Chris Spadaccini, Director of LLNL’s Center for Engineered Materials and Manufacturing, has deemed the research “a breakthrough in nanoscale printing.” In addition, Spadaccini says that the system “will enable the remarkable performance in materials and structures at this size scale to be realized in usable components.”
Further Sourabh Saha, the paper’s lead and corresponding author, explains, “Traditionally, there are tradeoffs between speed and resolution. If you want a faster process, you would lose resolution.”
“We have broken this engineering tradeoff, allowing us to print a thousand times faster with the smallest of features.”
No-compromise nanoscale 3D printing
The method developed by the LLNL/CUHK collective is part of a body of work led by Saha that seeks to improve two-photon lithography. At present two-photon, or multi-photon, lithography is the most common method of 3D printing sub-micron structures. So far, it has been limited however by the speed at which it can 3D print.
In this latest research led by Saha, the solution is to replace the singular laser typically used in two photon lithography systems with a field of light, similar to those used in light projectors. This digital mask controls an ultrafast femtosecond laser, simultaneously projecting one million points into a material vat in a single pass. “This scales up the process dramatically because instead of working with a single point that has to be scanned to create the structure, we can use an entire plane of projected light,” Saha explains.
“Instead of focusing a single point, we have an entire focused plane that can be patterned into arbitrary structures.”
As a demonstration of the method, the team created a series of millimeter-scale structures. In one example, a 2.20 mm × 2.20 mm × 0.25 mm cuboid containing submicrometer lattice features was 3D printed in 8 min 20 s (a rate of 8.7 mm³/hour.) 3D printing the same structure using common two photon lithography would have, by comparison, taken several hours to complete.

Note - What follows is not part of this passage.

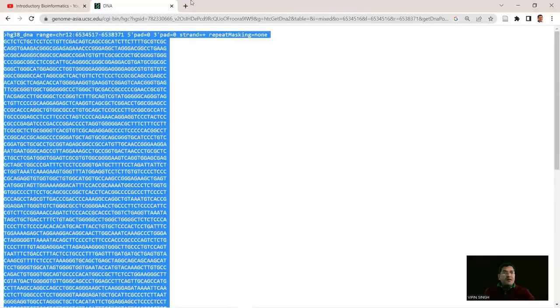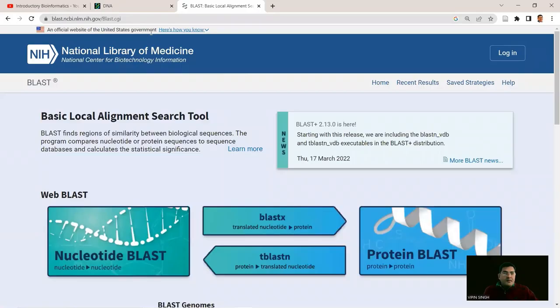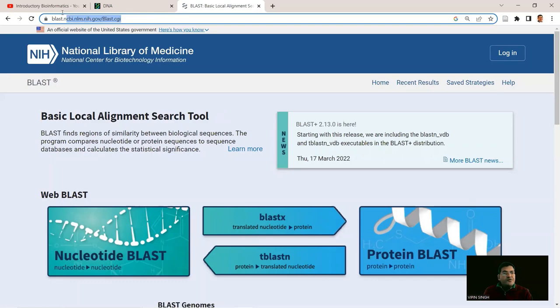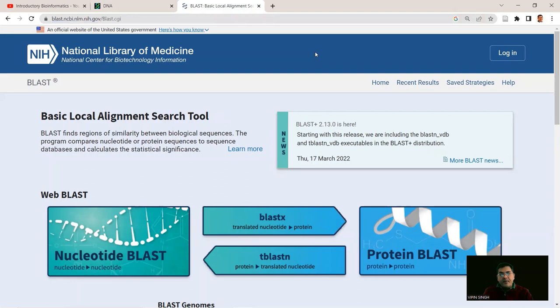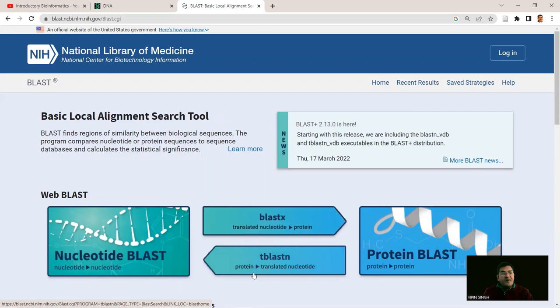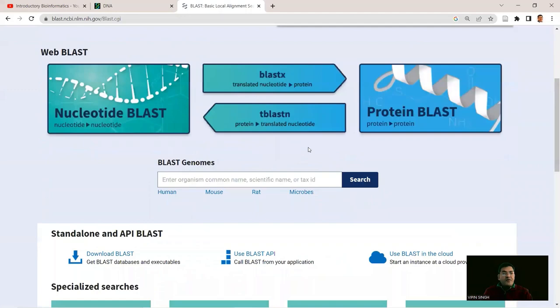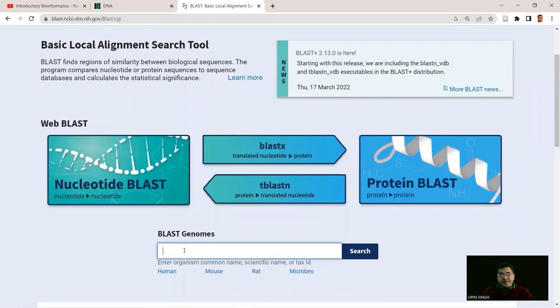We select all and copy the sequence, then go to the BLAST home page at blast.ncbi.nlm.nih.gov/blast.cgi. BLAST comes in several flavors: BLASTN (nucleotide to nucleotide), BLASTX (translated nucleotide query against protein database), TBLASTN (protein query against translated nucleotide database), and protein-to-protein BLAST. Since we're interested only in chimpanzee, we can do a direct BLAST to genomes — searching our query sequence in the chimpanzee genome.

Future making of mobile phones
Submicrometer additive manufacturing has a wealth of potential to microelectronics and medical sectors. For Saha at least, “The real application for this would be in industrial-scale production of small devices that may be integrated into larger products, such as components in smartphones.”
Though LLNL and CUHK’s experimentation has so far only worked with polymers the team see potential for the method to be extended across other materials, like metals and ceramics, in the future. The next steps for the team are to continue developing different materials for use in the process, and make improvements to further scale the process.
Saha concludes, “The next questions will be how well we can predict the features and how well we can control the quality over large scales. That will require more work to understand the process itself.”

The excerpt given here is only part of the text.